Countering Inconsistent Labelling by Google's Vision API for Rotated Images
This addresses a robustness issue in a widely used commercial API for image analysis, though it is incremental as it adds a pre-processing step rather than modifying the core API.
The paper tackles the problem of Google's Vision API producing inconsistent labels for rotated images by proposing a modular pre-processing pipeline that corrects image orientation using a ResNet50 model, resulting in significantly higher performance with a Percentage Error metric compared to rotated counterparts.
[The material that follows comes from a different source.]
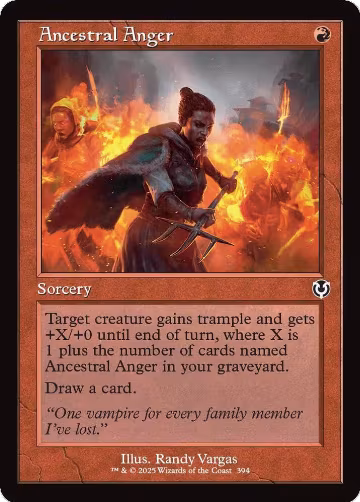 Ancestral Anger (Retro Frame) (394), Innistrad Remastered — Magic card price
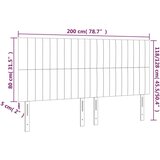  Posteljno vzglavje 4 kosa temno siv 100x5x78/88 cm žamet, (20735422) | Shoptok.si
Google's Vision API analyses images and provides a variety of output predictions, one such type is context-based labelling. In this paper, it is shown that adversarial examples that cause incorrect label prediction and spoofing can be generated by rotating the images. Due to the black-boxed nature of the API, a modular context-based pre-processing pipeline is proposed consisting of a Res-Net50 model, that predicts the angle by which the image must be rotated to correct its orientation. The pipeline successfully performs the correction whilst maintaining the image's resolution and feeds it to the API which generates labels similar to the original correctly oriented image and using a Percentage Error metric, the performance of the corrected images as compared to its rotated counter-parts is found to be significantly higher. These observations imply that the API can benefit from such a pre-processing pipeline to increase robustness to rotational perturbances.